形態
茎高50cm程度、葉は三〜五輪生し線状披針形で無柄。上部では互生し、先端が反巻する。花期は早春で、茎頂に2つほどの花を下向きに咲かせる。花被片は淡緑色で6個ある。花径約3cmで(鐘状花)であり、内側に黒紫色の網目状斑紋を持つ。そのため編笠百合の名がある。地下に鱗茎を持ち、梅雨頃から休眠する。鱗茎は二枚の厚い貝状の鱗片が相対しており、貝母の名のもととなっている。
薬効と毒性
乾燥させた鱗茎は貝母と呼ばれる生薬として日本薬局方に収載されており[1]、粉末が去痰・鎮咳・催乳・鎮痛・止血などに用いられる[2]。貝母は、清肺湯、(滋陰至宝湯)などの漢方処方に用いられる[3]。鱗茎をはじめ全草に(フリチリン)・(フリチラリン)・(ベルチシン)などのアルカロイドを含む。

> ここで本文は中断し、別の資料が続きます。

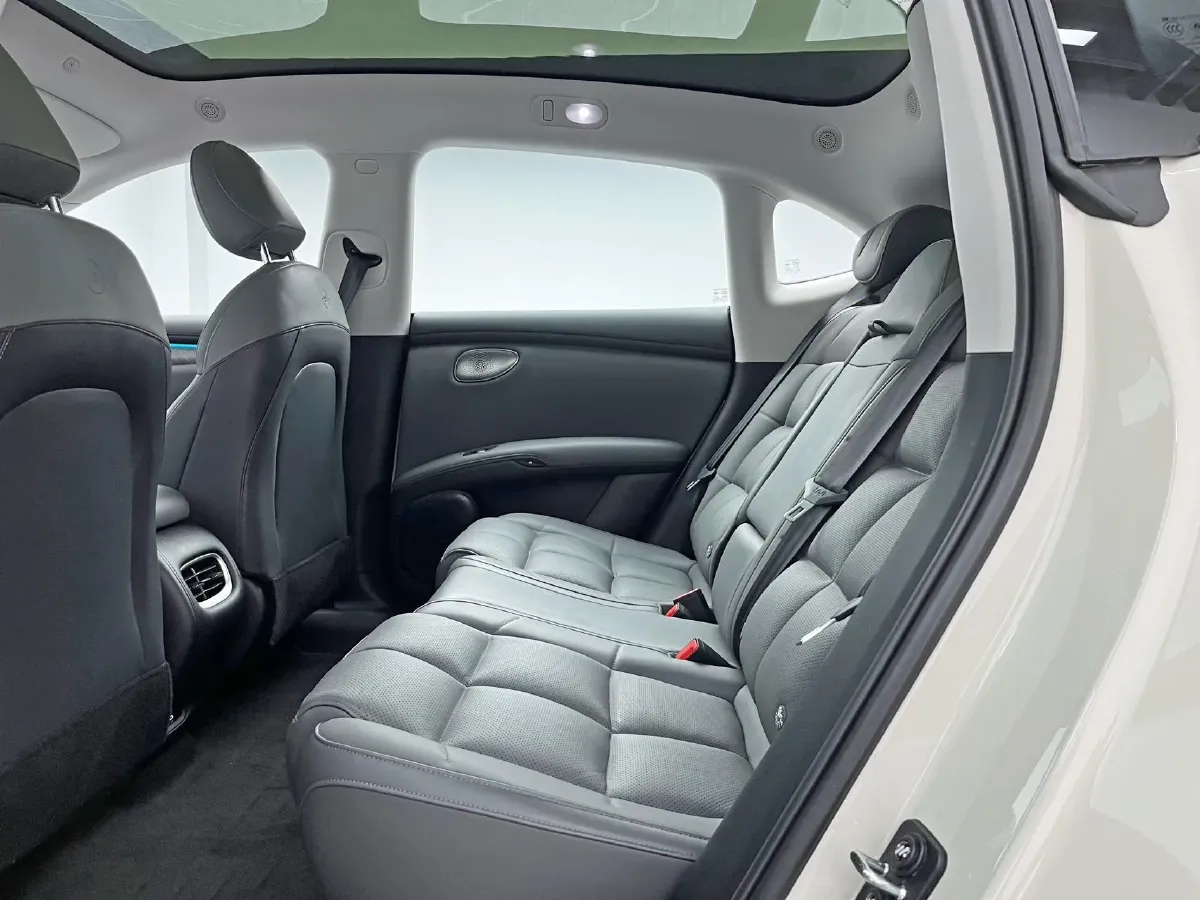 2025 IM LS6 BEV 83KWH,autocango,china used car exporter,china ev exporter,chinese used car exporter,chinese used ev exporter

心筋を侵す作用があるので副作用として血圧低下、呼吸麻痺、中枢神経麻痺を引き起こす事もある。また、呼吸数や心拍数が低下する事もあるため、使用時は量に注意すべきである。
脚注
- ^ 「医薬品各条」(PDF)『第十五改正日本薬局方』2006年3月31日、1255頁2010年6月27日閲覧。 。
- ^ 大塚敬節、p.250。
- ^ 大塚敬節、p.p.217-218,224。